Monday

October 23rd, 2017

Ess, Ess/ Eat, Eat

This is literally a CHEESE burger --- and it tastes nothing less than amazing!

 Jeanmarie Brownson

By Jeanmarie Brownson Chicago Tribune/(MCT)

Published July 20, 2015

This is literally a CHEESE burger --- and it tastes nothing less than amazing!
We could happily eat a burger once or twice a week. Burgers have it all going on: Great flavors and a stack of textures. Plus, most fall into a modest price range and are relatively easy to prepare.

Weeknight fare, weekend celebration — you name the event and a good burger will shine.

We adjust our burgers to the season, seeking big charry grill flavors in the heat of summer and cast-iron crustiness in inclement weather. When we're looking to cut fat, we shift from ground beef chuck and to leaner turkey, salmon, even chicken for the center of the bun. Sweet spices and garlic enhance our lamb patties.

Meatless burger patties have their merits, so we've peppered our burger rotation with them. Friends in the U.K. introduced us to their favorite meatless burger — one stuffed with a thick, slab of hot, melty halloumi cheese and sliced ripe tomato.

We couldn't wait to create our own versions. First-up: Hot cheese "burgers" between pretzel buns with dill pickles and brown mustard. The following week we slipped the hot cheese disks onto a toasted whole wheat bun and added sliced cucumber, arugula and a spiced mayonnaise. Definitely keepers.

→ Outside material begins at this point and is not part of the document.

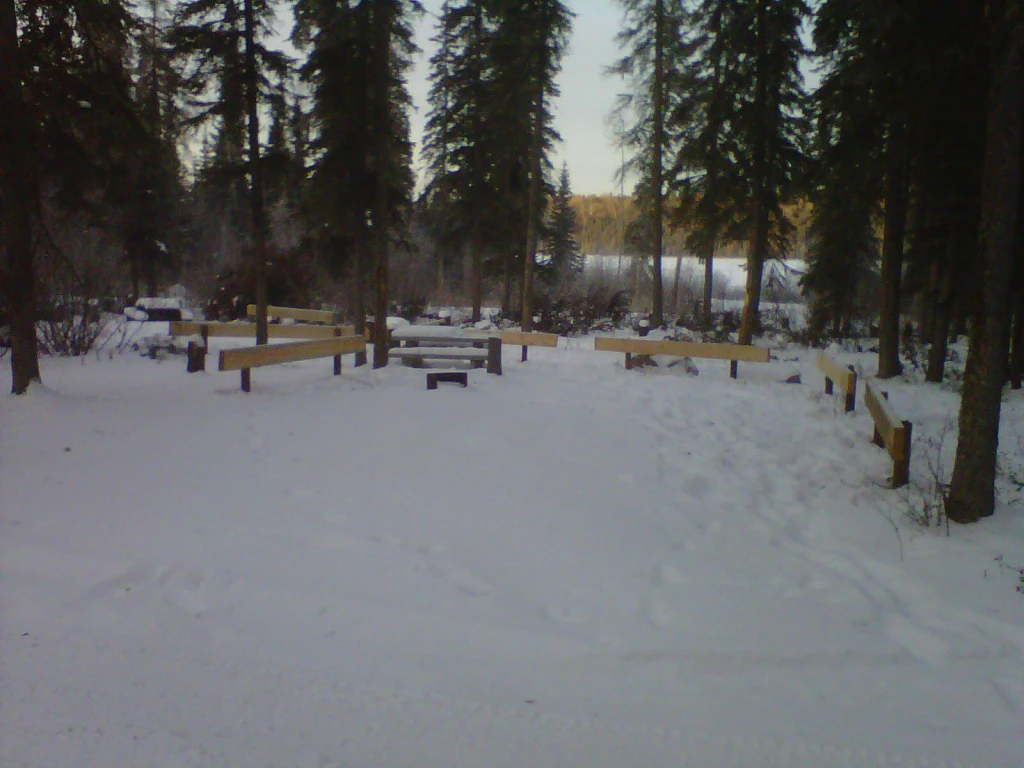 Photo: Recreation Sites and Trails BC. © Province of British Columbia, licensed under the Open Government Licence – British Columbia. Inga Lake, photo 4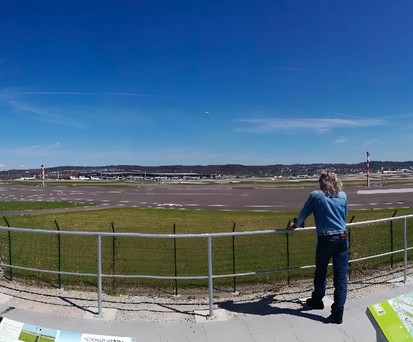 Der alte Spotterhügel: Beliebter Treffpunkt für Planespotterinnen und -spotter.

Halloumi, a goat and sheep's milk cheese made with nonanimal rennet and a touch of mint, hails from Cypress. Semifirm, the milky white cheese bronzes beautifully in a skillet. Warmed, the cheese yields a pleasantly bouncy texture with plenty of eating satisfaction — amazing tucked into a toasted bun.

Another option is kasserie — the sharp Greek cheese used in the flaming saganaki appetizer.

French fries make a perfect partner for stellar burgers, but finger-size, mild-tasting Japanese shishito peppers are our favorite speedier, more healthful option. After searing and sprinkling them with coarse salt and herbs, we eat them out-of-hand like fries. This bold pepper treat without spicy heat completes our surprising cheese burger dinner.

CHEESE 'BURGERS' WITH SPICY MAYO

Prep: 15 minutes
Cook: 5 minutes
Makes: 4 servings

  • 14 to 16 ounces halloumi cheese or bread cheese .
  • 4 hearty hamburger buns, such as pretzel rolls or whole wheat buns, split
  • Olive oil
  • Spiced mayonnaise, see recipe
  • 1/2 cup sour cream
  • 1 large ripe tomato, cut into 4 thick slices
  • Thinly sliced seedless cucumbers or dill pickles
  • Arugula sprigs or romaine leaves

1. Cut the cheese into 1/2-inch thick slabs slightly larger than the buns. Toast the cut sides of the buns under the broiler, watching carefully to prevent burning.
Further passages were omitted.